There’s a paucity of new materials being used. Does an old construction technique have a future?
Early aeroplane construction made use of fabric stretched over a lightweight frame. Ex test pilot Charles Weymann adapted this technique for car bodies, patenting his construction method, selling patents and opening factories in France, Britain and the USA in the early 1920s. Using flexible joints for the underlying timber stopped unseemly squeaking, hidden wires held the doors in shape, and the ‘fabric’ comprised layers of chicken wire, muslin, cotton and, finally, self-coloured synthetic leather. Despite the fragility of the structure in the event of an accident and the risk of rotting fabric, the system was well-received and used extensively by coachbuilders. However, as metal body technology improved, by the early 1930s, demand had declined drastically although the technique continued to be used on bus bodies in the UK and the name Weymann continued on until the end of the 80s, when one-time transport manufacturing giant MCW (Metro Cammell Weymann) was broken up.
We wrote about BMW’s 2008 GINA concept last year. Although it now seems to have been consigned to history as more a bit of PR mixed with Banglesque blue sky thinking, rather than a future production possibility, that would be a pity. The idea of a lycra-like material that will stretch to allow opening and closing of panels and, even, changing the shape of the car itself, offers a range of interesting possibilities. Even if BMW have now returned to their conservative ways, it’s hoped that someone else might take up the mantle.

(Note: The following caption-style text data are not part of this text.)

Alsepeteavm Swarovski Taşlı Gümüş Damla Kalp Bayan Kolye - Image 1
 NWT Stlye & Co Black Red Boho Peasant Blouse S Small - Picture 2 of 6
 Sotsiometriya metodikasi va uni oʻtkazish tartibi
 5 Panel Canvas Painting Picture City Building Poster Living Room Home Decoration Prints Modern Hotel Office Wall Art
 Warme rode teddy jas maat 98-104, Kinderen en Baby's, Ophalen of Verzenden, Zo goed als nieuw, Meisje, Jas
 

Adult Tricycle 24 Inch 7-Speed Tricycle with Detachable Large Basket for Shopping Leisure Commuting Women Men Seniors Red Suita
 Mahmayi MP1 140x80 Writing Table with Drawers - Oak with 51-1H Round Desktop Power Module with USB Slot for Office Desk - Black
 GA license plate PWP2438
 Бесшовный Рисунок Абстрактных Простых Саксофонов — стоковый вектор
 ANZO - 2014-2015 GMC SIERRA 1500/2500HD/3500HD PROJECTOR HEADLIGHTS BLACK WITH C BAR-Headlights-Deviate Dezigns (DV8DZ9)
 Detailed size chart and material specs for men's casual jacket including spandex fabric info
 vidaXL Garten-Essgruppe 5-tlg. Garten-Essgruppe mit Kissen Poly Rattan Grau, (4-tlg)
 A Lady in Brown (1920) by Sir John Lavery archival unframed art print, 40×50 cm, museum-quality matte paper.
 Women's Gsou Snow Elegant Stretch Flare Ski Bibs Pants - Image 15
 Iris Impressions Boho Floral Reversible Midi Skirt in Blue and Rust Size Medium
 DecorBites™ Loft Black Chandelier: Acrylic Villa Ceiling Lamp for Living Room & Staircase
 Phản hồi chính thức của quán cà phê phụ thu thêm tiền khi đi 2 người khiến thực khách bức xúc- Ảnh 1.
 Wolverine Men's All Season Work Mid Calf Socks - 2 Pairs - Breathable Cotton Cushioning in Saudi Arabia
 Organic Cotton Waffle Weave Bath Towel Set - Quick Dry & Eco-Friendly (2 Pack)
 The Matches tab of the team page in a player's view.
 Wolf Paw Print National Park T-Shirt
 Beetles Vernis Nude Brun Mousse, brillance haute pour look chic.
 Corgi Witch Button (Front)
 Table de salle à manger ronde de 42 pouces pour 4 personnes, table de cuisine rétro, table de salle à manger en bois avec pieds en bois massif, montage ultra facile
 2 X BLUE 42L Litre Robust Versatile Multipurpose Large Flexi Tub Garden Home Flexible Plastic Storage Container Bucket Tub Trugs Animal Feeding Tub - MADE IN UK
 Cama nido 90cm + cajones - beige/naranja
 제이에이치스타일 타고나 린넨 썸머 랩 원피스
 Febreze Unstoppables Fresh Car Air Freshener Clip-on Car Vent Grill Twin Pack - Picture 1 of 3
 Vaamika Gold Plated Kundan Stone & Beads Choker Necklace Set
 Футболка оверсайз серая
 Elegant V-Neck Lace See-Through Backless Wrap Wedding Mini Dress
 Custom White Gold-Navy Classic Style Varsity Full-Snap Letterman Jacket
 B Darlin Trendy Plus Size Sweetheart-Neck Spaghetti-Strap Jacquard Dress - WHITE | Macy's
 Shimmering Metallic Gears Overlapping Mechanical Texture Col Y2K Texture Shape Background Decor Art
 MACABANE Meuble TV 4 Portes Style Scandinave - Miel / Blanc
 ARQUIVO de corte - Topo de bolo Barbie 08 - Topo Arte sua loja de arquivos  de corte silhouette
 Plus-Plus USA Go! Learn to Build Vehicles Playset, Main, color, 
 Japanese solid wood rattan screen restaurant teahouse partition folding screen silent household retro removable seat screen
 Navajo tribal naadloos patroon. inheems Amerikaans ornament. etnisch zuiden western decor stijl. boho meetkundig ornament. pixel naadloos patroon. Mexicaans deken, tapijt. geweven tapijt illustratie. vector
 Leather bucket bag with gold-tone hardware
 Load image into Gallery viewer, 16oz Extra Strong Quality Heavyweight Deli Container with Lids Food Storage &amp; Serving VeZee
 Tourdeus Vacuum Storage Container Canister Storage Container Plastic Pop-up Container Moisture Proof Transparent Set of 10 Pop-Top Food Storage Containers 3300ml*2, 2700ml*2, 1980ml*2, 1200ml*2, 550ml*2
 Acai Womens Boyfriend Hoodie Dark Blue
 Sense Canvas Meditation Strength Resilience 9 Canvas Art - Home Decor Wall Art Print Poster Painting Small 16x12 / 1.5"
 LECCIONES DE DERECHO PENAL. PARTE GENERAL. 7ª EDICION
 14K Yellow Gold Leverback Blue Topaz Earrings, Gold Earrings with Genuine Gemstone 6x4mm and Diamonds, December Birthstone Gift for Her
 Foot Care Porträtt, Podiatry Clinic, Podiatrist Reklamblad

But, if you do yearn for a fabric body, a 1930 Gurney Nutting bodied Bentley Speed Six is outside your budget, and you can’t wait for a 2030 GINA, maybe try the Japanese Rimono EV concept. Intended for production next year, it uses fabric body panels though, rather than trying to emulate steel with taut fabric, it deliberately gives a soft look to the bodywork – possibly not good if you’re barreling down a motorway, but quite nice if you’re imagining a city populated with friendly, slow-moving EVs. The panels are removable, so you can presumably alter the style, as well as popping them in the washing machine.